As a compromise, couldn't we raise an error for accessing _variables from another class?

My suggestion continues to be, design things so you don't _need_ privacy. Comments, JSDoc or otherwise, aren't enforcement any more than an underscore.

In JS, it is a bad coding practice to design something that runs into language limitations - in other words, you need to work within the constraints of the language.

This rule will not be changing. You're welcome to fork the guide, and/or overwrite linter rules, to fit what makes sense for your project.

Yes, and I am asking "how?", because there clearly isn't a way to do so with ES6 classes.

This isn't the proper venue for it, but if you ping me in the gitter channel, I'll be happy to show you how it's easily possible for your example.

Sure thing! Let's talk about it Monday. The weekend is too short for arguments about code ;)

@ljharb Your points are very valid and I guess the Javascript Ecosystem has a history of "working around the language" read CoffeeScript, TypeScript, React & JSX etc.

But you must agree the leading (and trailing) underscore is pretty much prevalent in the Industry.

• Google
• Polymer
• Dojo

And there are some more heavyweights too apart from the above.

Your point about working with the language is well taken. I personally feel though that this style guide could be better off taking a solid consistent stand throughout.

Eg with https://github.com/airbnb/javascript#accessors--no-getters-setters It seems we are encouraging people to go "around" the language and use custom setters like setProperty which is _code convention based_ and not language based (getters & setters).

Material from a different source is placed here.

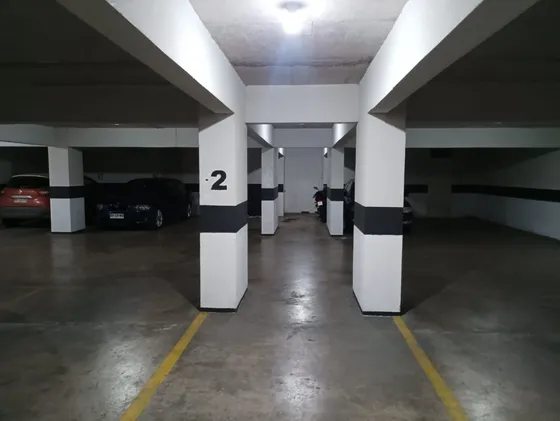 Se Arrienda Estacionamiento Cerca Del Metro Los Heroes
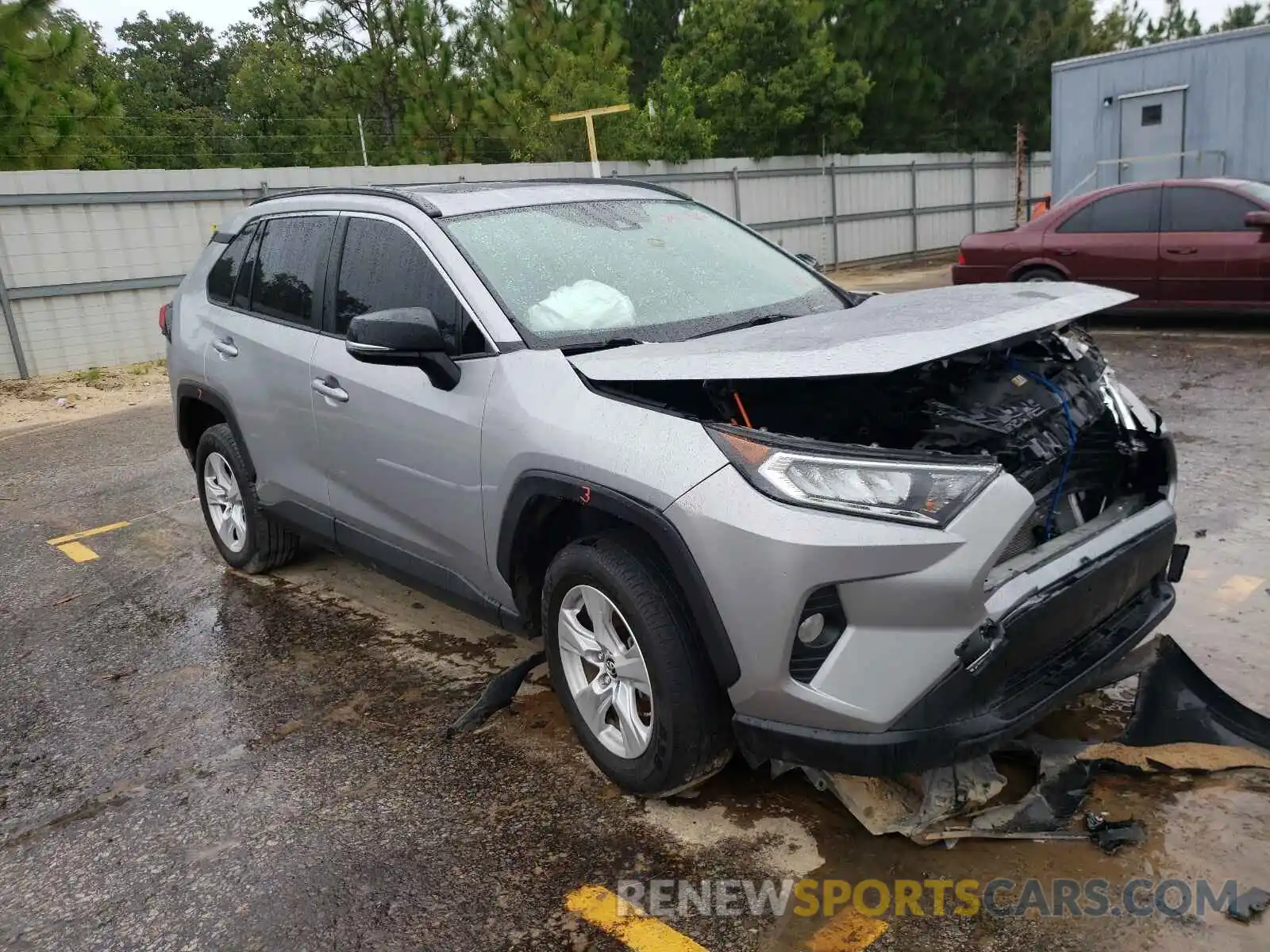 1 Photograph of a damaged car JTMW1RFV4KD017605 TOYOTA RAV4 2019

I may be wrong but this seems to be the same issue as the leading underscore/

@gaurav21r I believe Polymer is from Google, so your three examples are really just two. Also, someone being a "heavyweight" is a poor reason to make any choice.

This style guide does take a solid and consistent stand: do not use ES5 getters/setters; and do not use underscores at all (trailing or leading), nor anything else that attempts to convey soft "privacy". The reasons are hopefully communicated well. If they can be improved, PRs are most welcome!

Just because a language provides functionality does not mean it is the best or most appropriate choice to achieve a goal, nor that using an alternative is "going around the language". You can do lots of things with eval or with, but that doesn't mean it's ever a good idea.